2024-08-17 15:43:20 +02:00 · 2024-08-17 15:43:20 +02:00 · 24e3d4a817
commit 24e3d4a817
parent 4e13835886
5 changed files with 33 additions and 30 deletions
--- a/manuscrit/40_A72-frontend/00_intro.tex
+++ b/manuscrit/40_A72-frontend/00_intro.tex
@ -27,19 +27,23 @@ analysis tool, supports only x86-64.
 \smallskip{}
-In this context, modelling an ARM CPU ---~the Cortex A72~--- with Palmed seemed
+In this context, modelling an ARM CPU ---~the Cortex A72~--- with \palmed{}
-to be an important goal, especially meaningful as this particular CPU only has
+seemed to be an important goal, especially meaningful as this particular CPU
-very few hardware counters. However, it yielded only mixed results, as shown in
+only has very few hardware counters. However, it yielded only mixed results, as
-\autoref{sec:palmed_results}.
+we will see in \autoref{sec:a40_eval}.
 \bigskip{}
 In this chapter, we show that a major cause of imprecision in these results is
-the absence of a frontend model. We manually model the Cortex A72 frontend to
+the absence in \palmed{} of a frontend model. We manually model the Cortex A72
-compare a raw \palmed{}-generated model, to one naively augmented with a
+frontend to compare a raw \palmed{}-generated model, to one naively augmented
-frontend model.
+with a frontend model.
 While this chapter only documents a manual approach, we view it as a
 preliminary work towards an automation of the synthesis of a model that stems
 from benchmarks data, in the same way that \palmed{} synthesises a backend
-model.
+model. In this direction, we propose in \autoref{sec:frontend_parametric_model}
 a generic, parametric frontend that, we expect, could be used with good results
 on many architectures. We also offer methodologies that we expect to be able to
 automatically fill some of the parameters of this model for an arbitrary
 architecture.
--- a/manuscrit/40_A72-frontend/10_beyond_ports.tex
+++ b/manuscrit/40_A72-frontend/10_beyond_ports.tex
@ -18,7 +18,7 @@ SPEC2017 on the \texttt{SKL-SP} CPU, while the native measurement yielded only
 4 instructions per cycle.
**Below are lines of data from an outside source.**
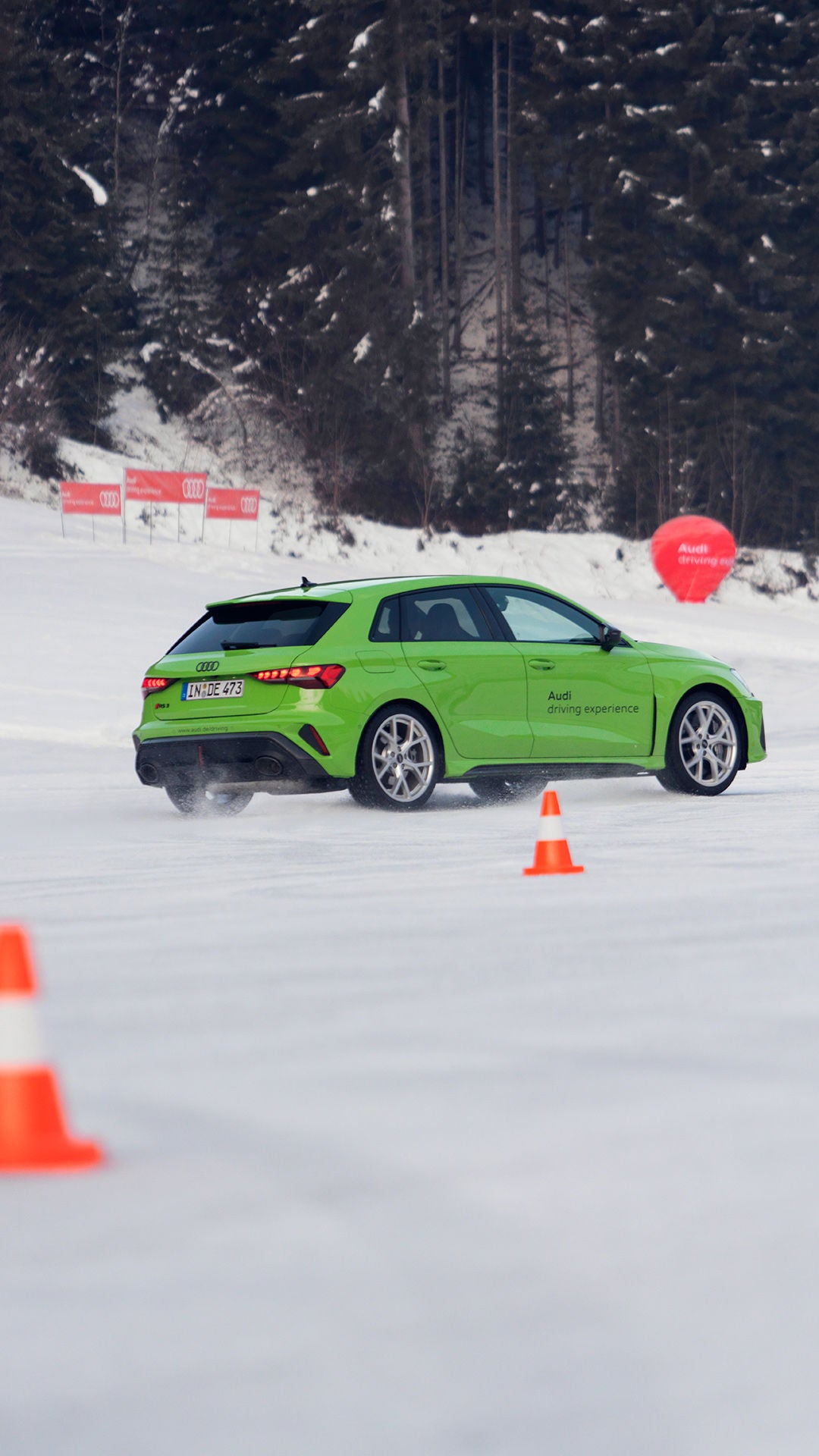 Light green Audi RS 3 Sportback driving on a snow-covered track between orange cones, snow-covered forest in the background.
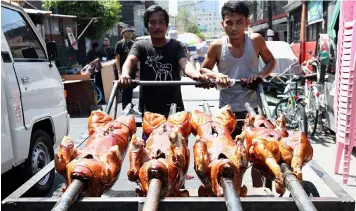 ?? THE FAMOUS LA LOMA LECHON. PNA photo ?? Workers push a cart loaded with ready-for-display lechon as La Loma, Quezon City celebrated its Lechon Festival 2019 over the week. The festivitie­s included a lechon float parade, street boodle fight, a fireworks display, and a culinary competitio­n where the main ingredient was lechon, a Filipino dish popular for its crispy skin and juicy meat. -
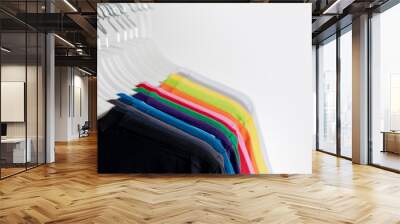 Colorful t-shirts hanging on a rack Wall mural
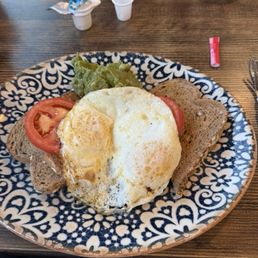 Avocado toast with over easy egg. Avocado toast with over easy egg.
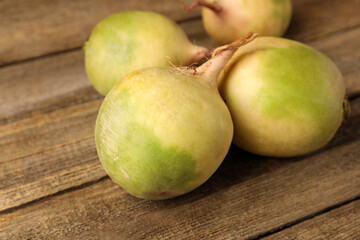 Whole fresh turnips on wooden table, closeup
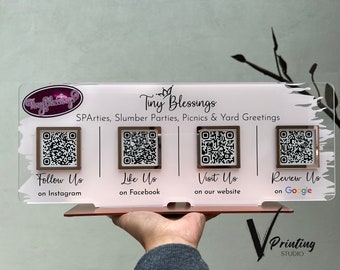 Op de afbeelding: Een wit acryl bord met de tekst "Tiny Blessings" en de woorden "SPArties, Slumber Parties, Picnics & Yard Greetings". Het bord heeft vier vierkante frames met QR-codes erin. Elk frame heeft een label eronder: "Follow Us on Instagram", "Like Us on Facebook", "Visit Us on our website", en "Review Us on Google". Het bord staat op een roségouden standaard met de tekst "Printing STUDIO" onderaan.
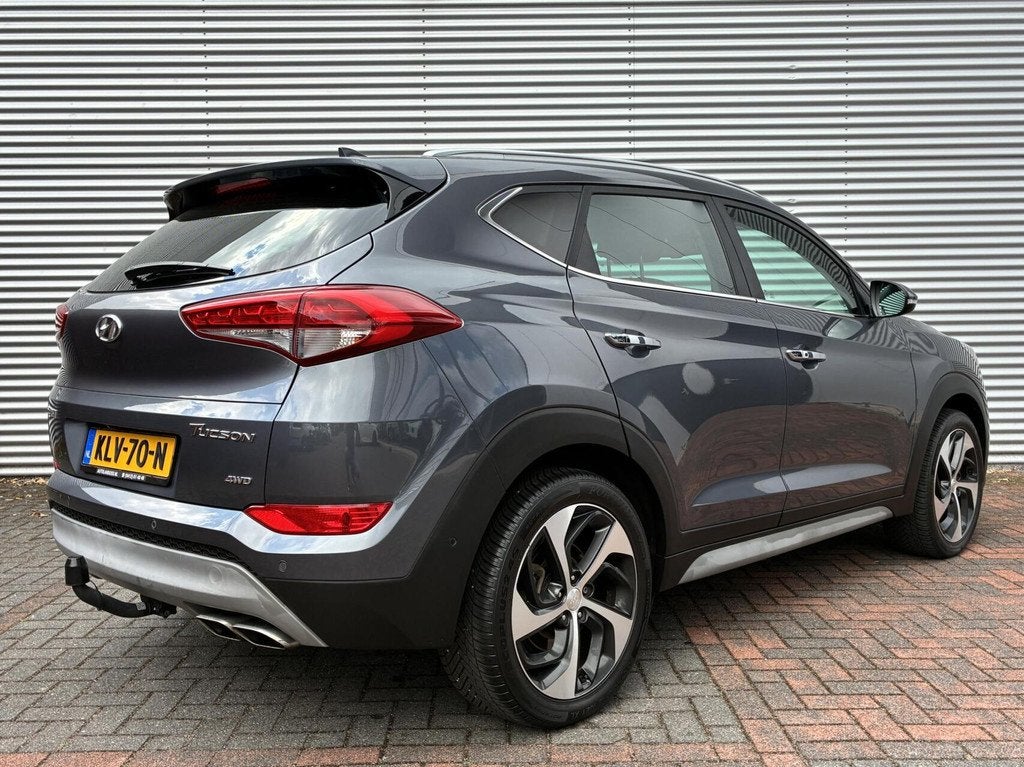 Hyundai Tucson 1.6 T-GDi Comfort 4WD Autom Led Cruise Leer C, Auto's, Hyundai, Gebruikt, 4 cilinders, Bedrijf, Vierwielaandrijving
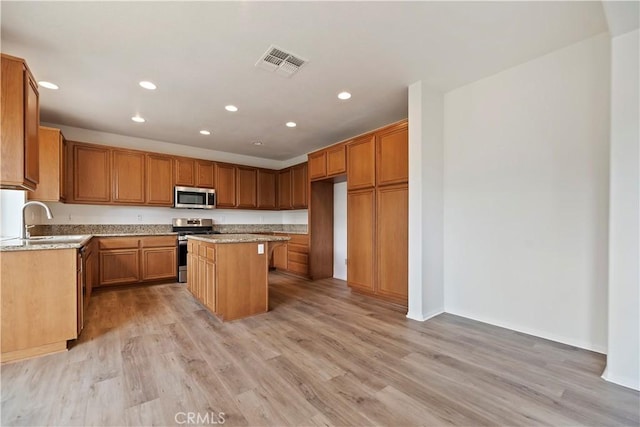 1984 Bronte Rd, San Jacinto, CA 92583 - kitchen featuring light wood-style flooring, visible vents, stainless steel appliances, a kitchen island, and a sink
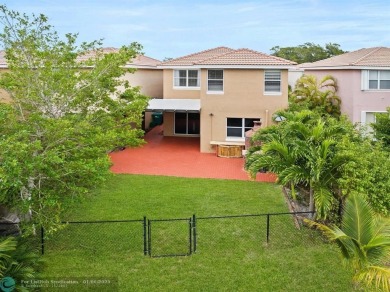 Spectacular LAKE VIEWS from this 4 bedroom 2.5 bath home located on Inverrary Country Club in Florida - for sale on GolfHomes.com, golf home, golf lot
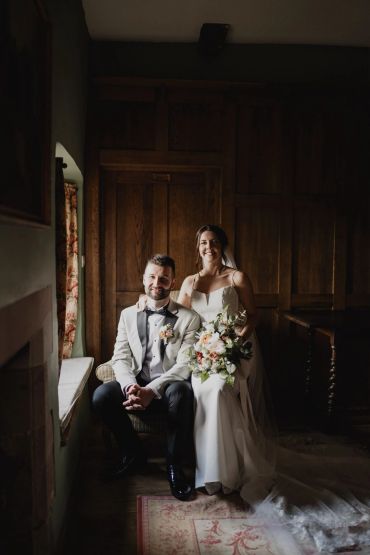 Newlywed couple posing indoors with bouquet and elegant attire.
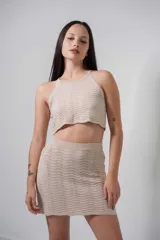 Top corto de tejido de punto calado color beige, con cuello halter y espalda descubierta.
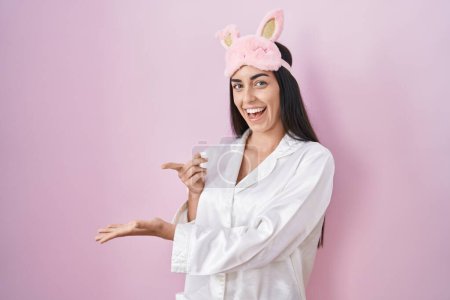 Téléchargez les photos : Young brunette woman wearing sleep mask and pajama amazed and smiling to the camera while presenting with hand and pointing with finger. - en image libre de droit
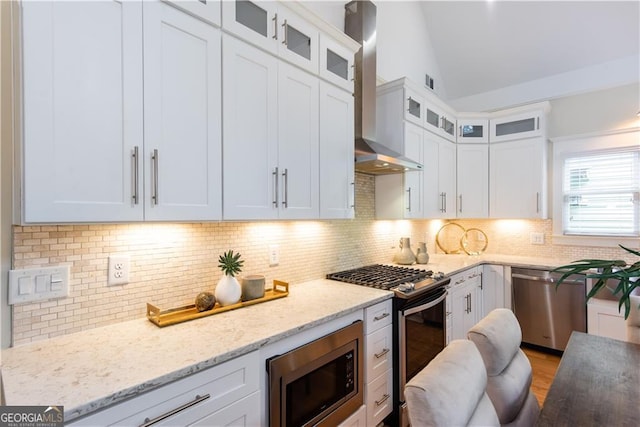 151 Savannah St SE, Atlanta, GA 30316 - kitchen with appliances with stainless steel finishes, wall chimney range hood, vaulted ceiling, white cabinets, and decorative backsplash
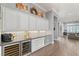 Gourmet kitchen area with a wine refrigerator and custom cabinets, perfect for entertaining guests at 1 Dry Brook Trl, Henderson, NV 89052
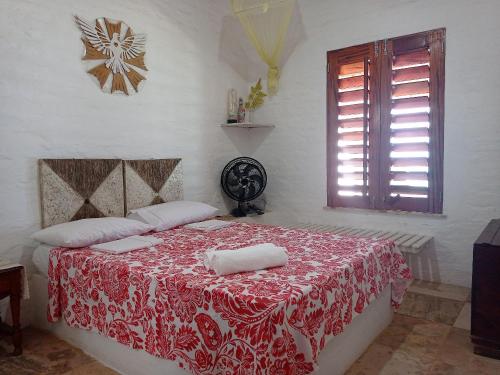 um quarto com uma cama com um cobertor vermelho e branco em Casa dos Ximenes - Beira Mar da Taíba - Ótima localização em Taíba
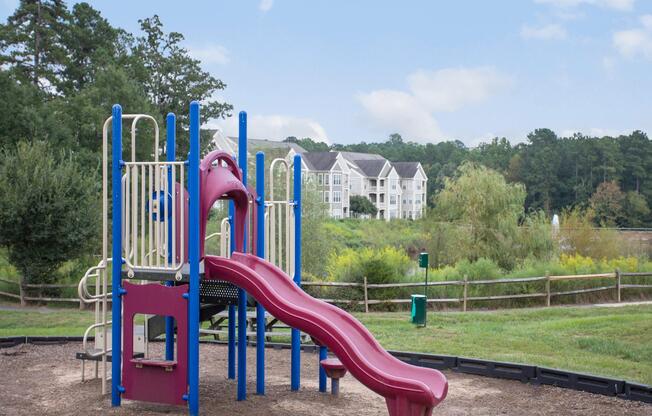 Outdoor playground surrounded by green grass at family-friendly apartments in Durham, North Carolina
The same effect is visible on \pmevo{} and \llvmmca{}
 heatmaps.
-\begin{example}{High back-end throughput on \texttt{SKL-SP}}
+\begin{example}[High back-end throughput on \texttt{SKL-SP}]
    On the \texttt{SKL-SP} microarchitecture, assuming an infinitely large
    frontend, a number of instructions per cycle higher than 4 is easy to
    reach.
--- a/manuscrit/40_A72-frontend/30_manual_frontend.tex
+++ b/manuscrit/40_A72-frontend/30_manual_frontend.tex
@ -1,7 +1,7 @@
 \section{Manually modelling the A72 frontend}
 Our objective is now to manually construct a frontend model of the Cortex A72.
-We strive, however, to remain as close to an algorithmic methodology that is
+We strive, however, to remain as close to an algorithmic methodology as
 possible: while our model's structure is manually crafted, its data should come
 from experiments that can be later automated.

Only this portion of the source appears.